▶ Brief
This task calls for every entry below to be repeated exactly, without the pictures.

******

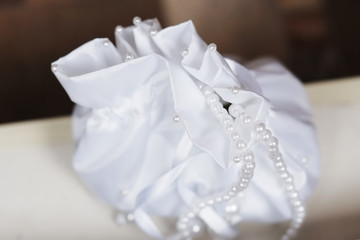 Beautiful bride handbag with pearls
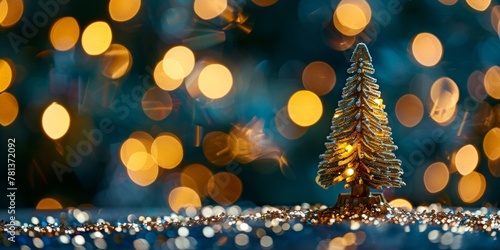 Sparkling Christmas tree ornament against a backdrop of warm bokeh lights for festive ambiance.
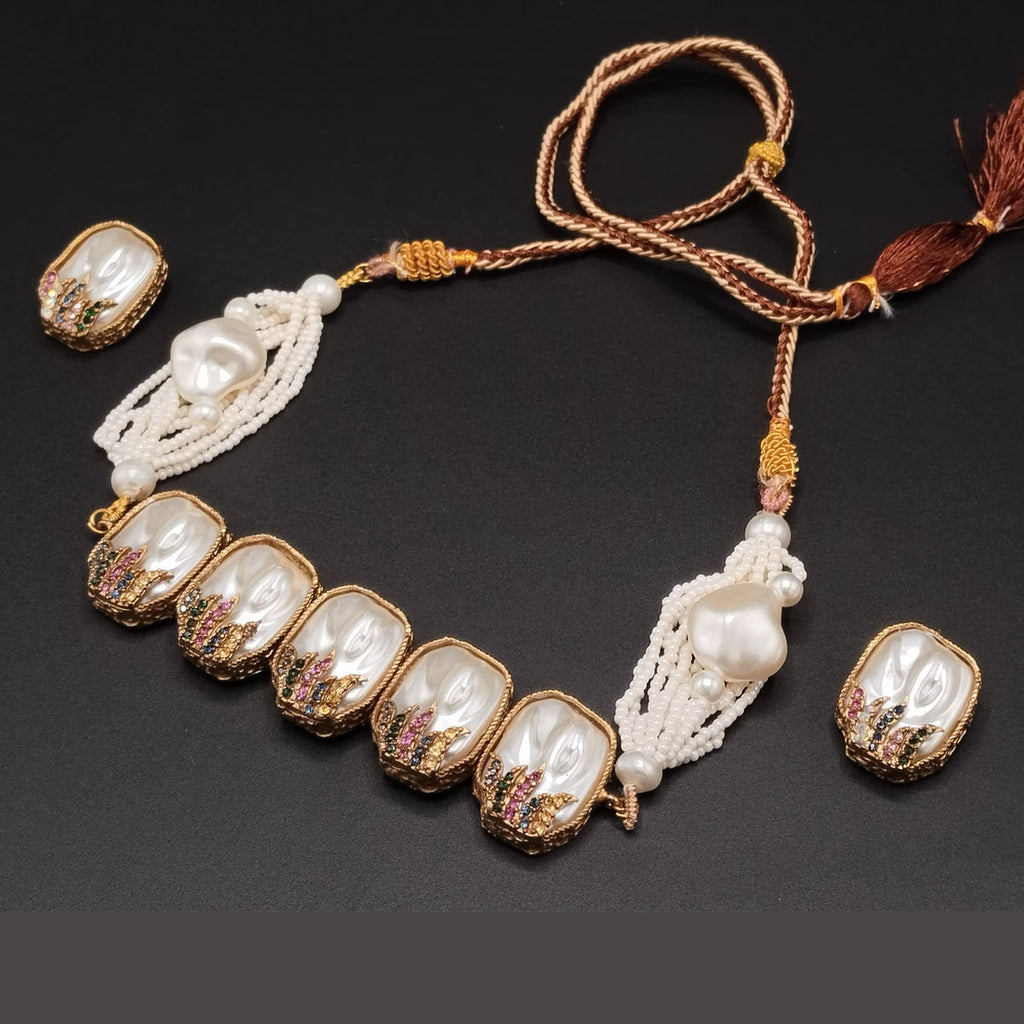 Pearl Shell Statement Necklace Set with Crystal Detailing – Rs,3,350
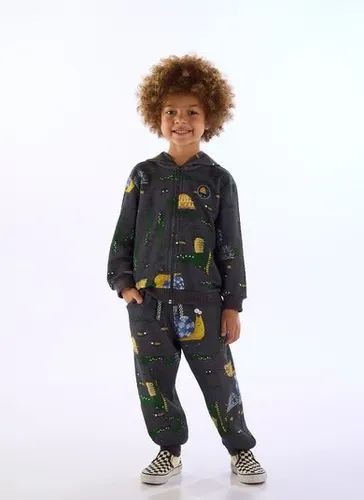 Conjunto Pega-pega Jaqueta e Calça Infantil Cinza Chumbo Três e Já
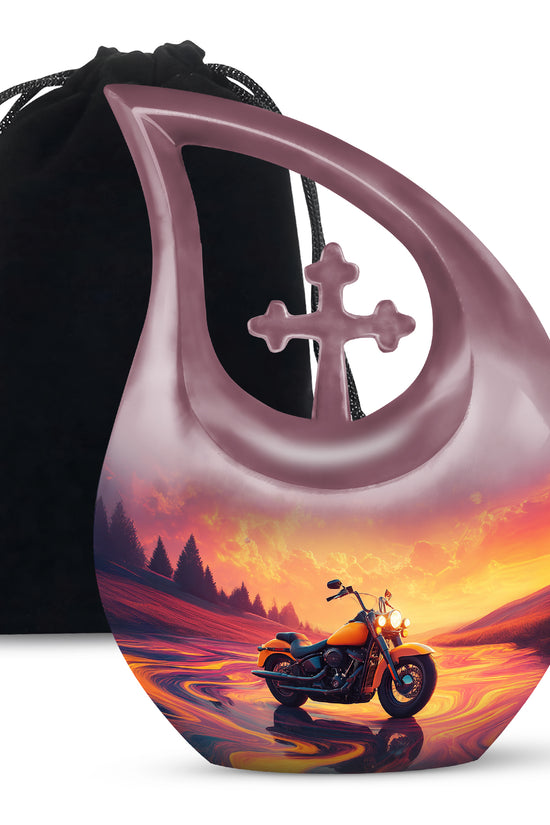 Soft Pink Bike Cremation Urn top-down view of secure threaded lid - devotional cross-drop bike engraving - full-size 10 inch 200 cubic inch adult cremation urn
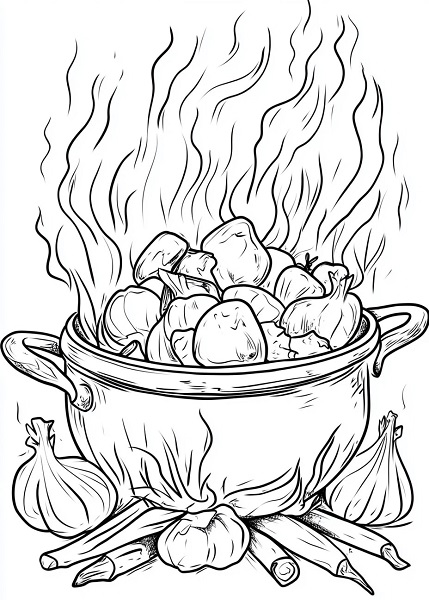 25 Free South African Winter Colouring Pages for Kids - Potjie cooking over an open fire
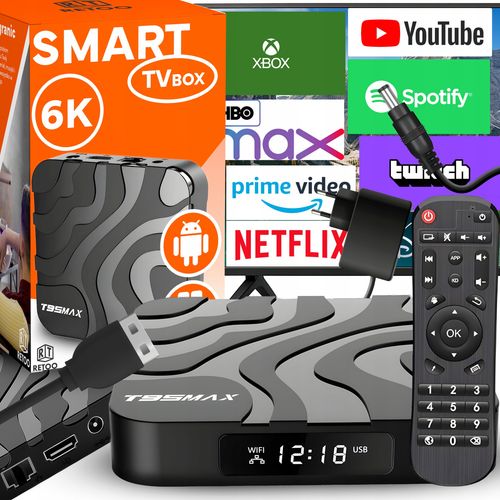 SMART TV BOX T95MAX ANDROID 9 64BIT 6K WIFI HDR USB 3.0 + PILOT KABEL HDMI na Arena.pl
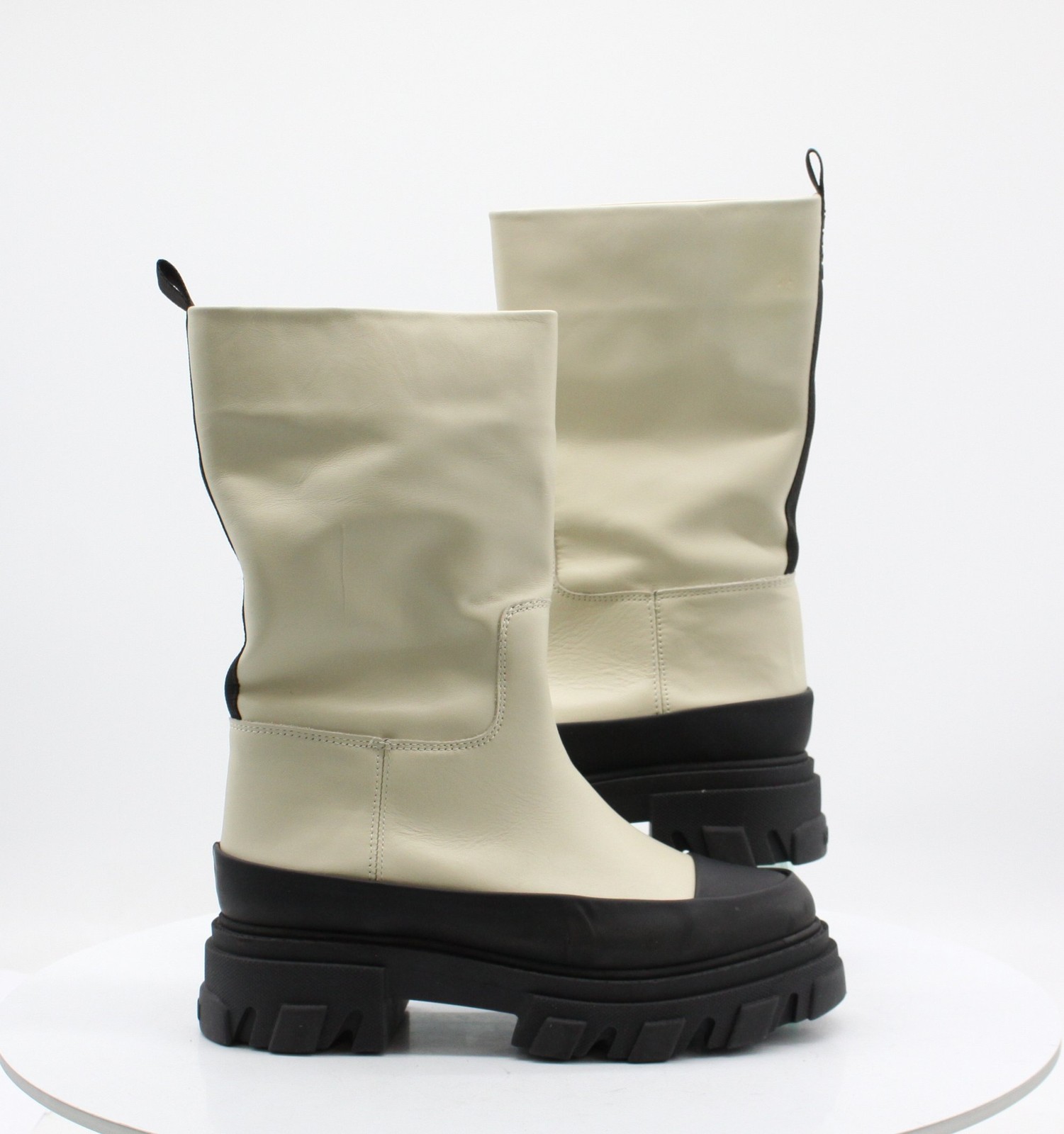 GANNI TUBULAR BOOTS - UK 7 EU 40 RRP £395 WOMENS BOOTS PLATFORM UK 7 EU 40 BEIGE image 2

******

▶ Solution to this task
 Beautiful bride handbag with pearls
 Sparkling Christmas tree ornament against a backdrop of warm bokeh lights for festive ambiance.
 Pearl Shell Statement Necklace Set with Crystal Detailing – Rs,3,350
 Conjunto Pega-pega Jaqueta e Calça Infantil Cinza Chumbo Três e Já
 Soft Pink Bike Cremation Urn top-down view of secure threaded lid - devotional cross-drop bike engraving - full-size 10 inch 200 cubic inch adult cremation urn
 25 Free South African Winter Colouring Pages for Kids - Potjie cooking over an open fire
 SMART TV BOX T95MAX ANDROID 9 64BIT 6K WIFI HDR USB 3.0 + PILOT KABEL HDMI na Arena.pl
 GANNI TUBULAR BOOTS - UK 7 EU 40 RRP £395 WOMENS BOOTS PLATFORM UK 7 EU 40 BEIGE image 2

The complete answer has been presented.